話題の「すずめの戸締まり」を観て参りました。「秒速5センチメートル」を知ってから、基本的に劇場で必ず観る監督の作品ですので、期待度MAXでの鑑賞です。テーマがテーマであり、少々ショッキングなシーンもありますが、総評として私はかなり楽しむことが出来ました。

深堀りできるタイプの映画なので、感想を残しておきたいです。

前置き

物語を大雑把に説明すると、主人公すずめと草太が「災厄を封じて日本中を旅する物語」です。災厄を封じて回るってのはファンタジーの王道ですよね。抑えきれなかった災厄と対峙する流れも壮大なRPGっぽいですよね。巨大なミミズを観た時はワンパンマンの「ムカデ長老」を思い出しました。災害レベル竜ですねw

新海誠監督もこの映画を「ロードムービー」と表現していたようです。ロードムービーってのは変化に富む分面白くて、様々な人との関係構築、出会いと別れが繰り返されるごとにキャラは深みを増していきます。そして「共に旅する相手」との関係値も同様に変化していく訳で。

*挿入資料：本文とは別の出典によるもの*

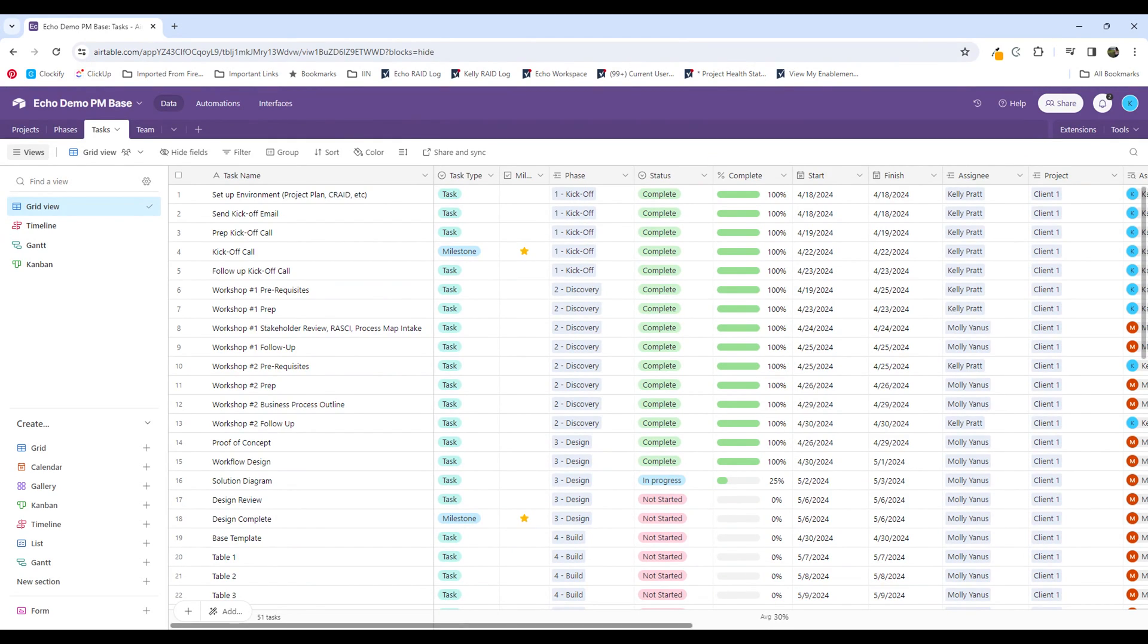Additionally, I also want to be able to pull reporting based on that. So I want to be able to see how many tasks have we closed in the last seven days, how many tasks have we closed in the last 14 days, and so on.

主人公の岩戸すずめ、彼女が住んでいるのは宮崎県日南市。福岡でも熊本でもなく宮崎なのは、推測ですが日本の神話の舞台であるからでしょうか。
宮崎には「古事記」や「日本書紀」の舞台であり、天岩戸神社も宮崎県です。(厳密に言うと高千穂エリアは県北、日南市は県南に位置します)
岩戸という苗字は、おそらくは「天岩戸」から取られたと推察。物語が宮崎から始まるのも、日本の歴史が始まるイメージと重ね合わせているのではないかなと考えていました。
帰宅後に劇場でもらった「新海誠本」を読んでいると、すずめのモデルはアメノウズメノミコト(天鈿女命)との事。なるほど、すずめは「ウズメ」から取られていたのか。

という訳で、この物語のジャンルを表すなら「ファンタジー + 神話 + ラブストーリー + ロードムービー」というw

キャラの魅力

震災のシーンについては後述。まあ、災害などは人間の力では避けられない面があるから仕方ないと思ったりもするのですが、対人関係の軋轢は「避けられたハズなのに…」と。私が個人的にきつかったのは「鈴芽と環さんの口論シーン」です。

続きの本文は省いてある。